__About this exercise__. Every line of the listing that follows must be written out unchanged.

__Provided material__.
┄┄┄┄┄┄
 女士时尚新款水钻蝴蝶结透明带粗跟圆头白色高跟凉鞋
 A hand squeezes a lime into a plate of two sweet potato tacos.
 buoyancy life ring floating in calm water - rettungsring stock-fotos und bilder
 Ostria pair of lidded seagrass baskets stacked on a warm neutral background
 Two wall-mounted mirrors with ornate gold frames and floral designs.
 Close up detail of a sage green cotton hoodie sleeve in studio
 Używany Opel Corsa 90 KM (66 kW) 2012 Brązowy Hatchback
┄┄┄┄┄┄
__Reply__.
 女士时尚新款水钻蝴蝶结透明带粗跟圆头白色高跟凉鞋
 A hand squeezes a lime into a plate of two sweet potato tacos.
 buoyancy life ring floating in calm water - rettungsring stock-fotos und bilder
 Ostria pair of lidded seagrass baskets stacked on a warm neutral background
 Two wall-mounted mirrors with ornate gold frames and floral designs.
 Close up detail of a sage green cotton hoodie sleeve in studio
 Używany Opel Corsa 90 KM (66 kW) 2012 Brązowy Hatchback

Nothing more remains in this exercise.